El colegio se empezó a construir en el año 1935, en la II República licitándose bajo el nombre de Grupo Escolar Huerta de los Granados, porque comprendía dos edificios que se correspondían con los colegios de niños y niñas que se planificaron. El colegio se inauguró a principios del año 1937 con su actual nombre en honor al Protomártir de la Cruzada. Calvo Sotelo había sido asesinado días antes del golpe de estado y los golpistas fueron conscientes desde el principio que tenían que justificar su comportamiento y los juicios y asesinatos a los funcionarios y militares que se habían mantenido fieles a la legalidad y que habían cumplido sus cometidos. El asesinato de Calvo Sotelo se convirtió en la principal excusa para justificar su alzamiento contra la legalidad republicana y fue empleada extensamente durante la guerra.

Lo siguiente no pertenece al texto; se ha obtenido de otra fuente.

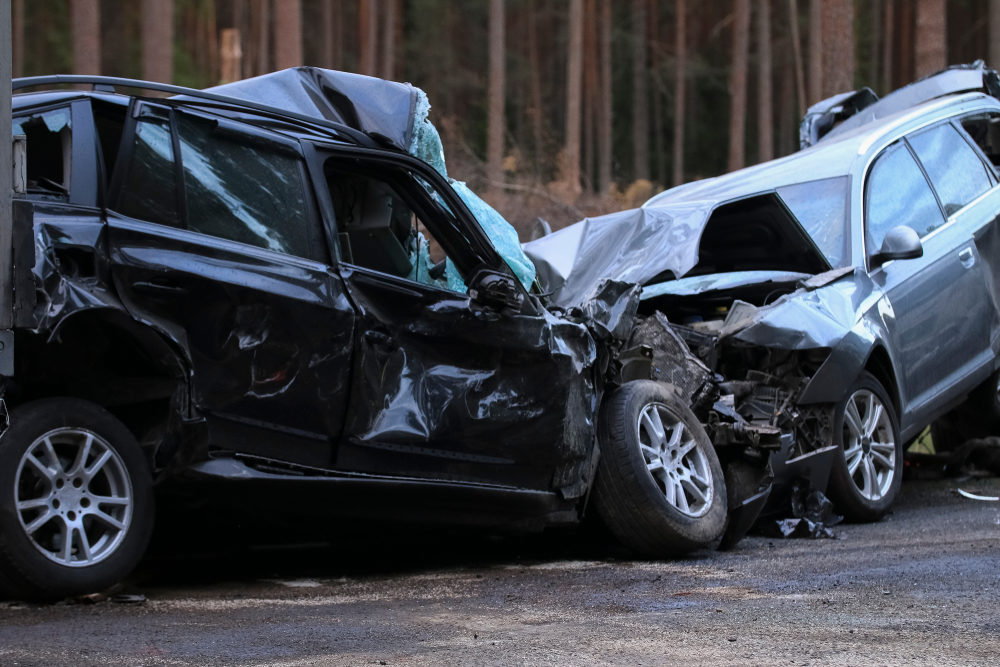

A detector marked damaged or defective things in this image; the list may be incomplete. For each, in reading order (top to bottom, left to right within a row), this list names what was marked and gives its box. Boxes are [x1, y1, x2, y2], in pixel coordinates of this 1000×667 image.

El aprovechamiento propagandístico fue muy intensivo a lo largo de todo el régimen y especialmente al principio. En prácticamente todas las ciudades se rotularon plazas, calles e instituciones con honores a la figura del protomártir empleada para exaltar el régimen dictatorial. La hemeroteca de ABC permite hacernos una idea de la intensidad de este aprovechamiento. Por ejemplo, durante todo el año 1935, último completo en el que la República estuvo en paz y Calvo Sotelo era un destacado líder político, la búsqueda del término “Calvo Sotelo” genera 134 resultados. Por el contrario, la misma búsqueda produce 217 resultados para el año 1937, en el que ya había fallecido. Es decir, Calvo Sotelo muerto generaba muchas más noticias que vivo. La totalidad de estas noticas se corresponde con crónicas de las decenas de actos de homenaje que se realizaron los cuales tenían todos en común que la República era la que había asesinado directamente al político. Estos homenajes se sucedieron desde el principio de la sublevación como prueba que el 7 de agosto de 1936, el Ayuntamiento de Sevilla denominara plaza Calvo Sotelo la actual Puerta de Jerez “en memoria de un mártir de la Patria”. Entre las distinciones abundaron los cambios de nombres a colegios, como el reseñado el 9 de julio de 1938, “para la exaltación de las grandes figuras de nuestro glorioso Movimiento Nacional”. Para hacernos una idea clara de qué tipo de ceremonias se realizaron es representativa la que tuvo lugar en la Academia de Infantería de San Roque el 24 de mayo de 1938. En dicho acto, tal como indica literalmente ABC, tras la misa de rigor “se descubrieron grandes fotografías con la efigie de los generales Orgaz, Queipo de Llano y Mola, de José Antonio Primo de Rivera, Calvo Sotelo, Hitler y Mussolini”.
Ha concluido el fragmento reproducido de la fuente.